#### Stored data:
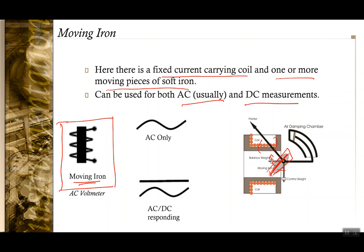This is the symbol for a moving iron instrument. If it is AC-only, you see a sinusoidal waveform; if it responds to both AC and DC, a combined symbol is shown. Reading these symbols is important for a user to choose the appropriate instrument that fits the specific application.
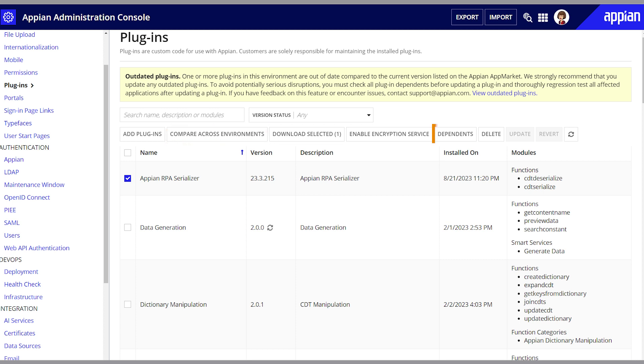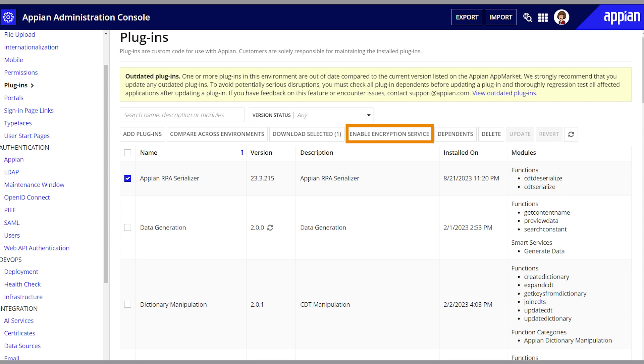View dependent objects, update to the latest version, delete the plugin, enable or disable the encryption service, which enables the plugin to encrypt or decrypt values of type encrypted text.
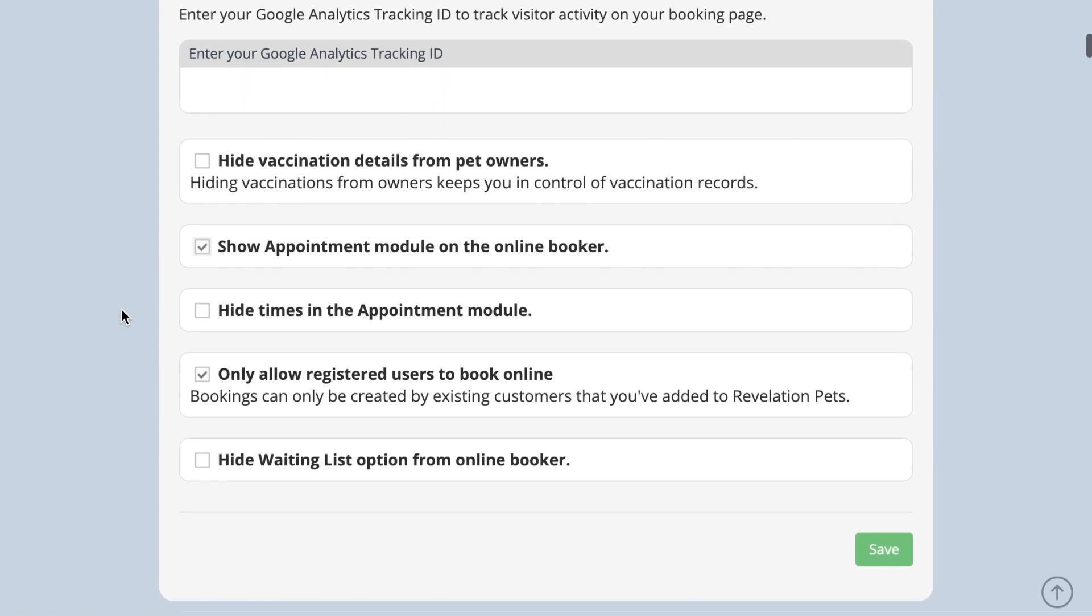You may prefer to control the times of each appointment yourself. There is the option of hiding the appointment clock from your customers by selecting the hide times in the appointment module tick box here. This means when you receive a booking that includes an appointment, the system will automatically set it for 9 a.m. and you can update the time before sending out the booking confirmation.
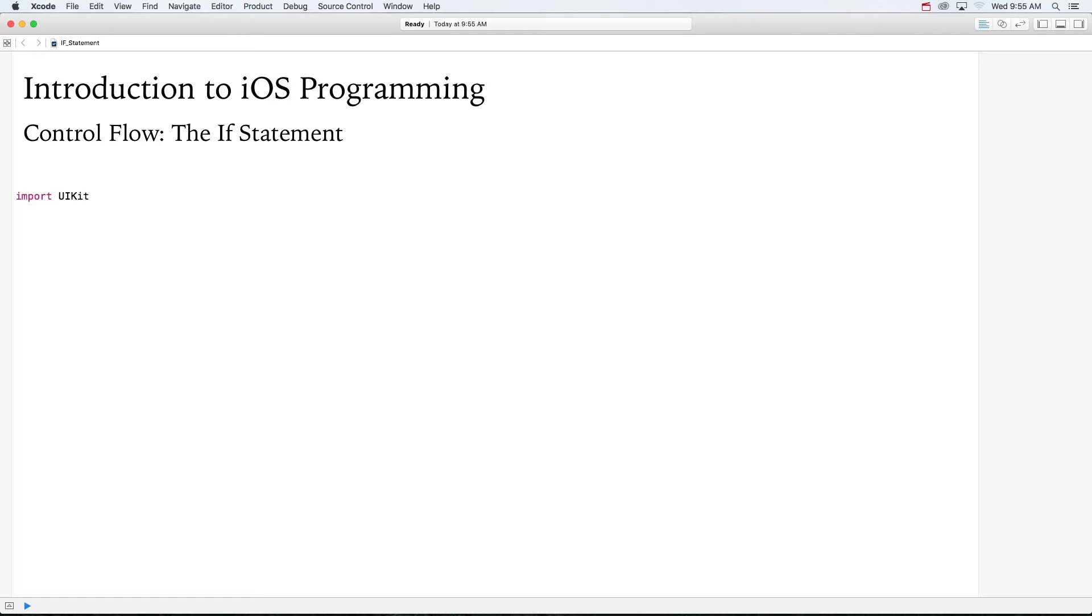Here is your first foray into iOS development. I'm going to start you out with something we call control flow. One way to control the flow of code in our app is with an if statement.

#### Directions:
The data is to be restated word for word, with any pictures set aside.

#### Result of this task:
This is the symbol for a moving iron instrument. If it is AC-only, you see a sinusoidal waveform; if it responds to both AC and DC, a combined symbol is shown. Reading these symbols is important for a user to choose the appropriate instrument that fits the specific application.
View dependent objects, update to the latest version, delete the plugin, enable or disable the encryption service, which enables the plugin to encrypt or decrypt values of type encrypted text.
You may prefer to control the times of each appointment yourself. There is the option of hiding the appointment clock from your customers by selecting the hide times in the appointment module tick box here. This means when you receive a booking that includes an appointment, the system will automatically set it for 9 a.m. and you can update the time before sending out the booking confirmation.
Here is your first foray into iOS development. I'm going to start you out with something we call control flow. One way to control the flow of code in our app is with an if statement.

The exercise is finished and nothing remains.